Provided entries
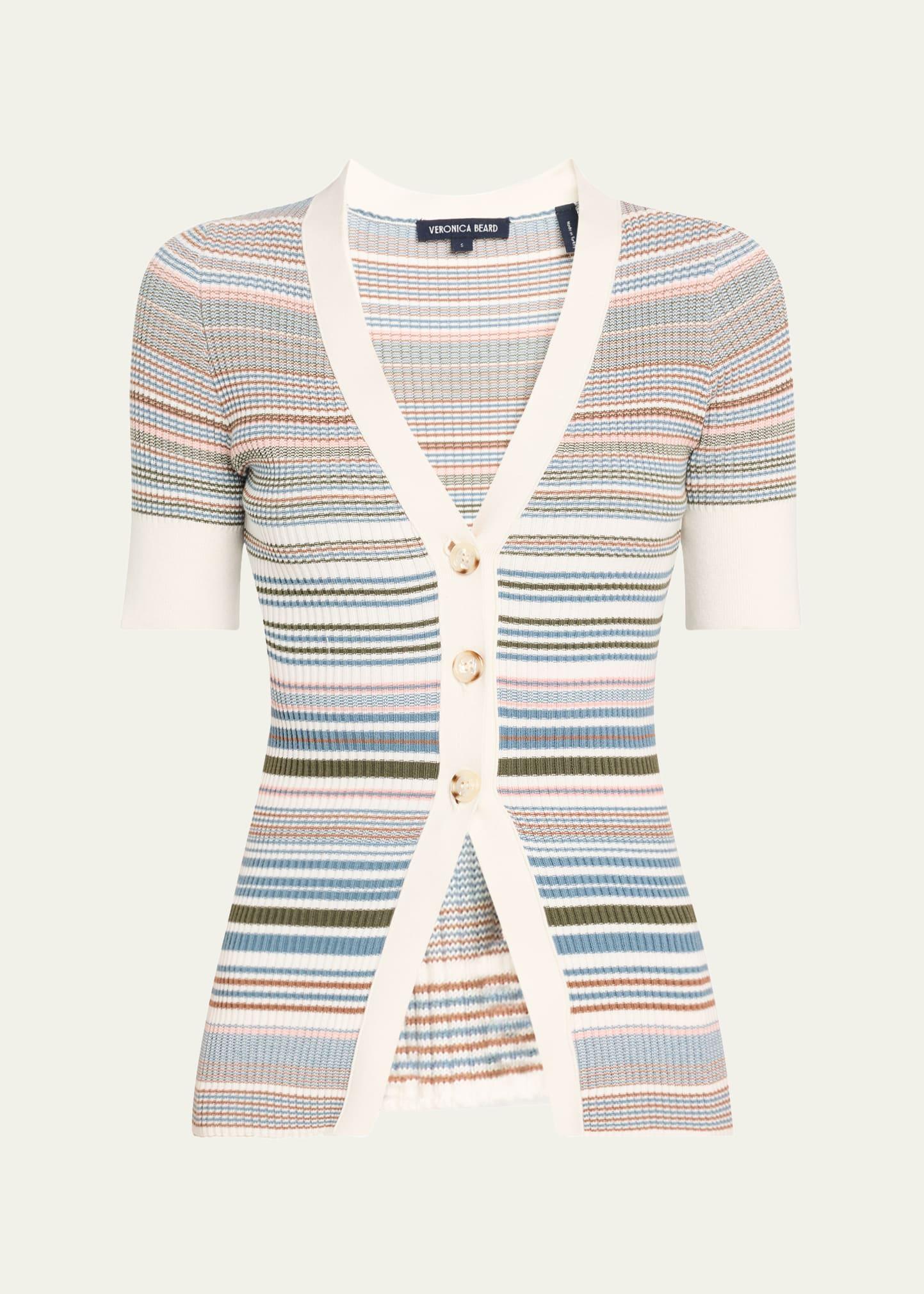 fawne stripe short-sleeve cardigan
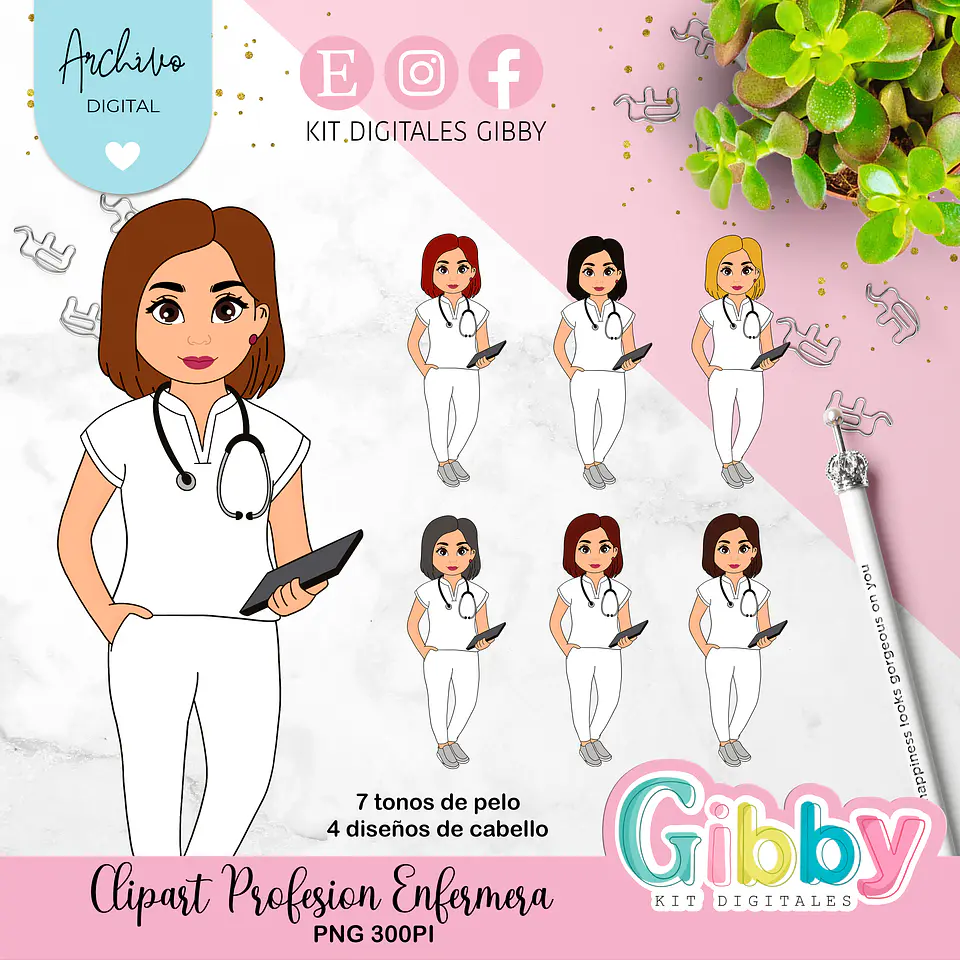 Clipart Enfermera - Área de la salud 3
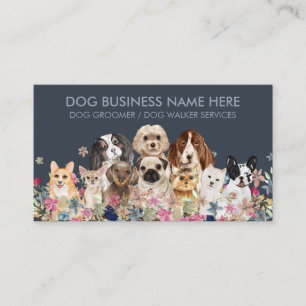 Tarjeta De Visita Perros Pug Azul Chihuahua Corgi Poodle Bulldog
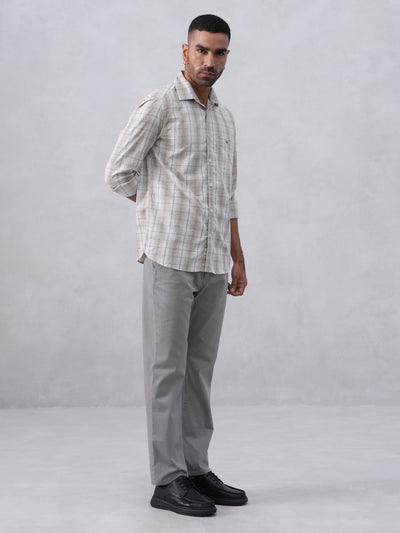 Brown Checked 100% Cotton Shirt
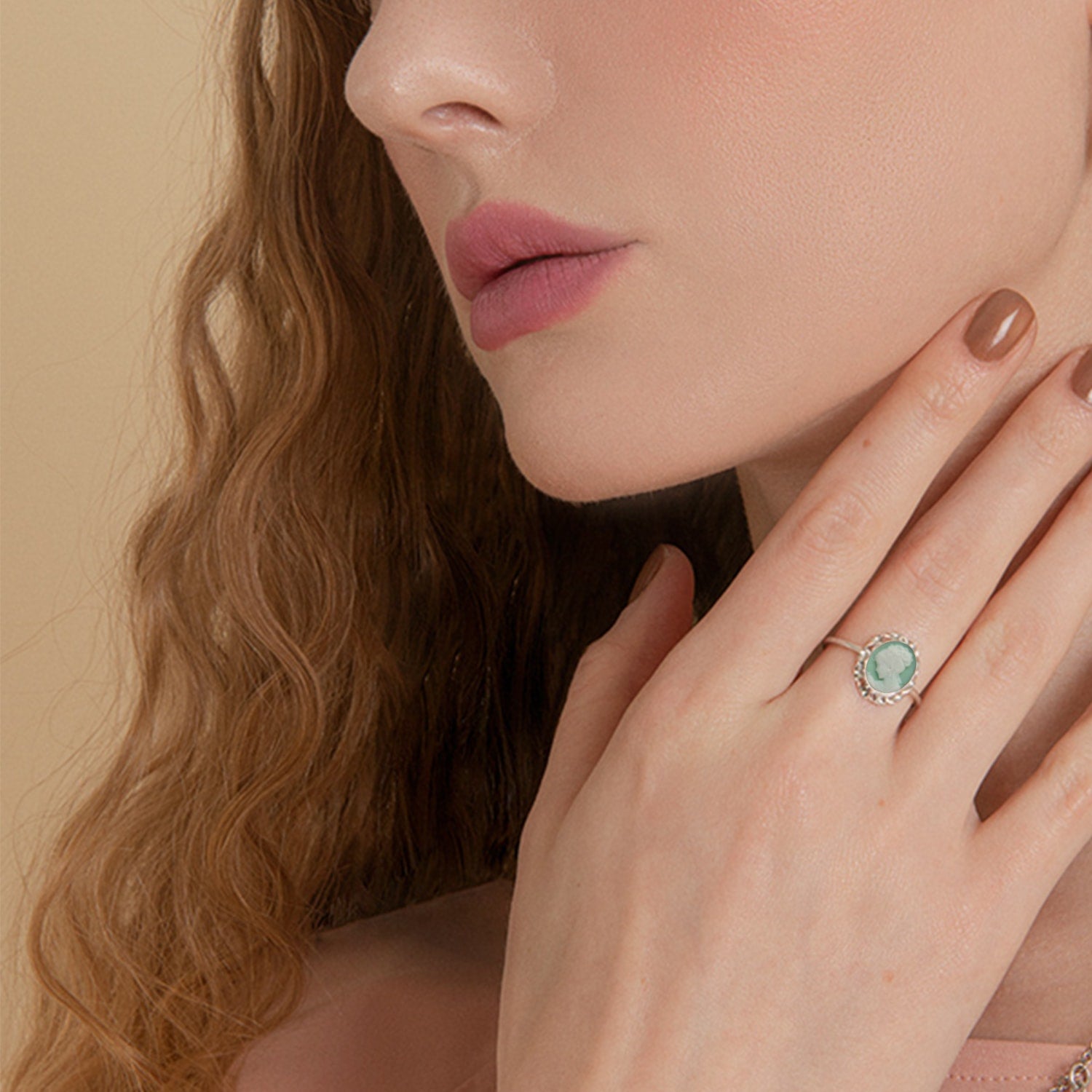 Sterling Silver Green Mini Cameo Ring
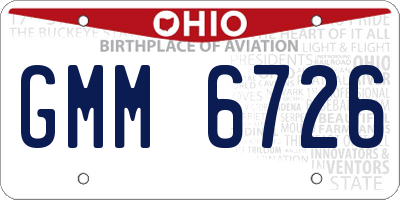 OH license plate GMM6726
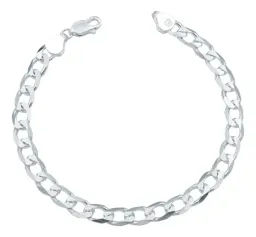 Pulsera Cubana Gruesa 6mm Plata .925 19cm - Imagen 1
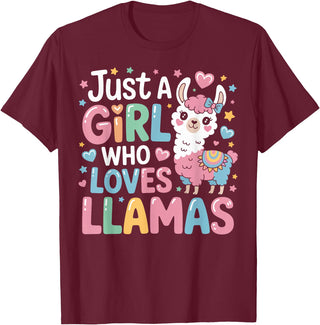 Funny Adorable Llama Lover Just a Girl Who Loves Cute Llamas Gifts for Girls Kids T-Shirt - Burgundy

Action item
Quote exactly the lines from the line that contains "OH license plate GMM6726" through the last line of the listing, please, leaving out all pictures.

Answer to this exercise
 OH license plate GMM6726
 Pulsera Cubana Gruesa 6mm Plata .925 19cm - Imagen 1
 Funny Adorable Llama Lover Just a Girl Who Loves Cute Llamas Gifts for Girls Kids T-Shirt - Burgundy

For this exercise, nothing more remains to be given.